The keyboard has 77 full-travel keys, including 10 function keys along the top row. Though a separate numeric keypad is missing, it can be invoked by pressing the NUM LOCK key and using a color-coded keypad that is overlaid on the standard keys. The feel of the keyboard is excellent, though placement of the keys varies somewhat from the IBM PC format.
One of the most powerful features of the Kaypro 2000 is its expandability. There are two ways to expand the system. One is with a disk adapter, and the other is with an expansion base unit.
If you want to add a 3.5" or 5.25" drive (or both) to the 2000, you will need the disk adapter ($150). The extra drive will cost $295. The disk adapter also contains a parallel port and can hold one short IBM PC compatible card (an RGB card could be installed so that a color monitor could be used at your desk).
The other option is a base unit that sells for $795 and includes two standard card slots, two half height slots for floppy or hard drives, a parallel port, and serial port.
Software and Documentation
The software included with the 2000 is really a bundle. There are the MicroPro products: WordStar, Mailmerge, CalcStar, InfoStar, and StarBurst. Then there is Mite, a communications package from Mycroft Labs. And for programmers there is GWBasic. All of these run under the MS-DOS operating system. Additionally, Kaypro provides utilities. For example, K-Copy allows you to copy files easily with a one-drive system.
Although this software selection provides most of the typical software a user might want, we are talking about an MS-DOS computer here, and MicroPro is certainly not king of the MS-DOS world.
It is natural to think that a potential 2000 user will already have purchased his favorite software (for his stand-alone machine) or that a first time user will be more likely to use software that has been established in his company.
So why the software bundle for this machine? I suspect that potential users will be more interested in tapping into their PC base of software than in using the bundled products.
Documentation for the software is plentiful, but it is not specifically geared to the 2000 user. Manuals from MicroPro, Microsoft, and Mycroft are generally excellent. The manual for the 2000 itslef is less than 50 pages. It covers the basics of the machine and gives some brief technical data.
The Kaypro 2000 is intended to be almost 100% IBM PC compatible, though this assertion was difficult to test since we didn't receive a 5.25" drive. Manufacturers are not producing their software in two formats yet (in one package), and until they do, the 3.5" media will present compatibility problems.
Comments and Conclusions
I used the Kaypro 2000 with WordStar and it ran fast and without problems. I also downloaded a utility program from CompuServe using Mite. But WordStar is not my word processor of choice. I couldn't use my normal one because it is on a 5.25" disk. Although there are ways of transferring programs through serial ports, this process is sometimes a hassle. I would much prefer to have the 5.25" drive available.

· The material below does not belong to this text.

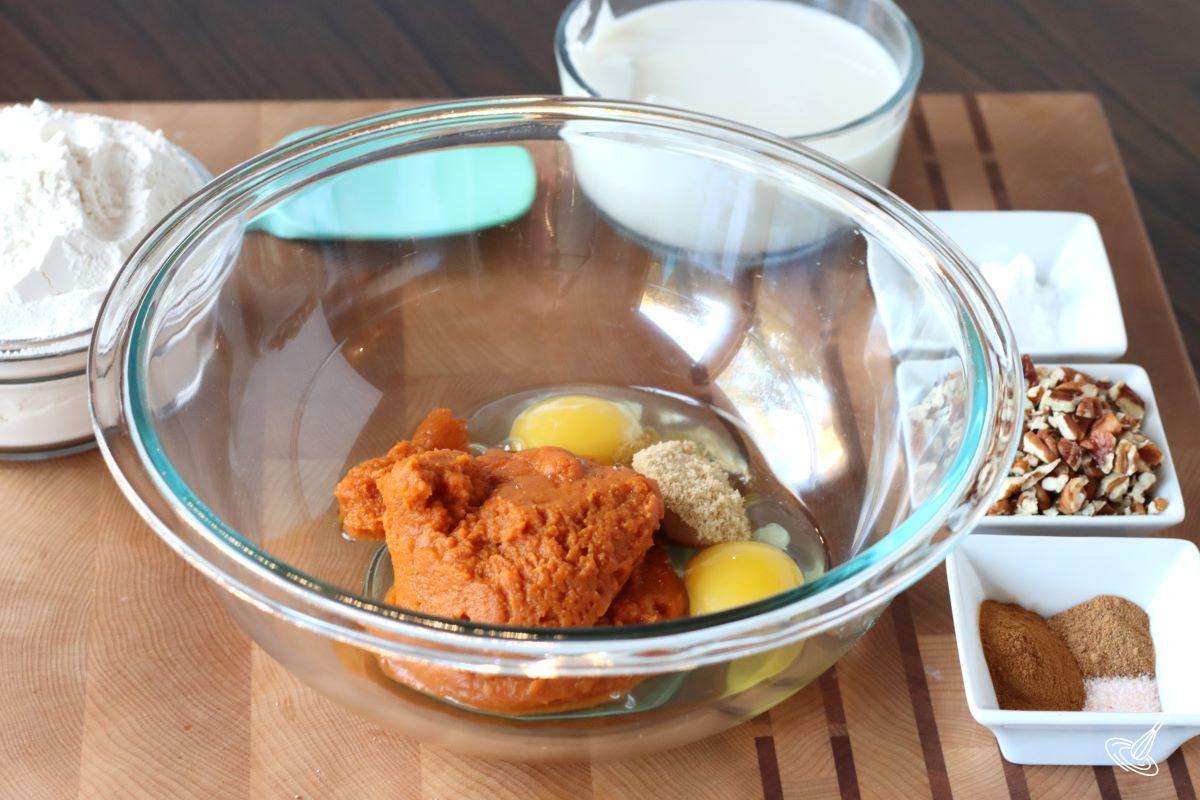 A bowl containing pumpkin puree, eggs, and brown sugar.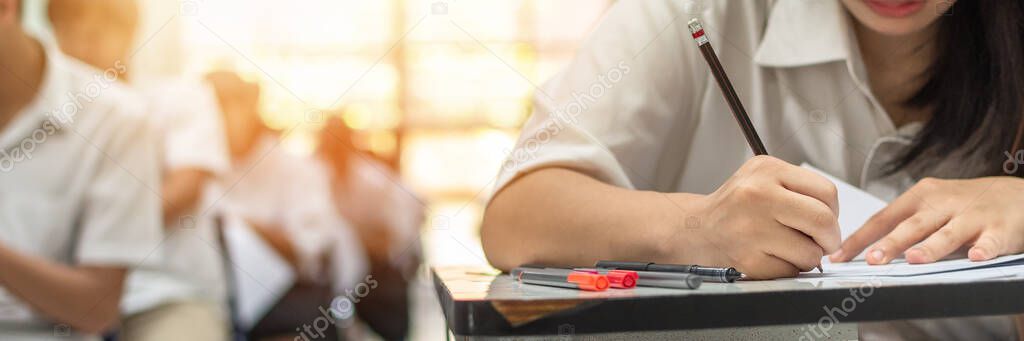 Exam with school student's taking educational admission test in class, thinking hard, writing answer in university classroom, education and world literacy day concept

Another problem with the 2000 is the single drive. When you are used to a two drive system, simple procedures like copying files become a burden. Also, some PC software products expect a two drive system.

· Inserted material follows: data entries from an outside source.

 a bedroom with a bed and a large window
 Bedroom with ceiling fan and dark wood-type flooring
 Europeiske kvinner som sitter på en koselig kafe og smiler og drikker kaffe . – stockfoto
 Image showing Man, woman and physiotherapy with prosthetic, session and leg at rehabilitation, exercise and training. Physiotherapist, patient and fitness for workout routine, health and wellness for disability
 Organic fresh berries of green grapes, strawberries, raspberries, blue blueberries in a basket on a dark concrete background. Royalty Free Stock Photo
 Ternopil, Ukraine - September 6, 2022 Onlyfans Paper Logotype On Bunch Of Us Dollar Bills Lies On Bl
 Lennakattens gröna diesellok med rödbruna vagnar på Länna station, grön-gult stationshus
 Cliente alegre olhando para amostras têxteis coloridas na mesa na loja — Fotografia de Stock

I thought the machine performed excellently--in fact it seemed to respond much faster than a typical IBM PC. The drive was reliable and the screen legibility was acceptable.
If I were to purchase this machine I would certainly spend the extra money on the disk adapter and a 5.25" drive. This configuration would dispense with any software problems and allow the 2000 free rein to function as the powerful machine it is.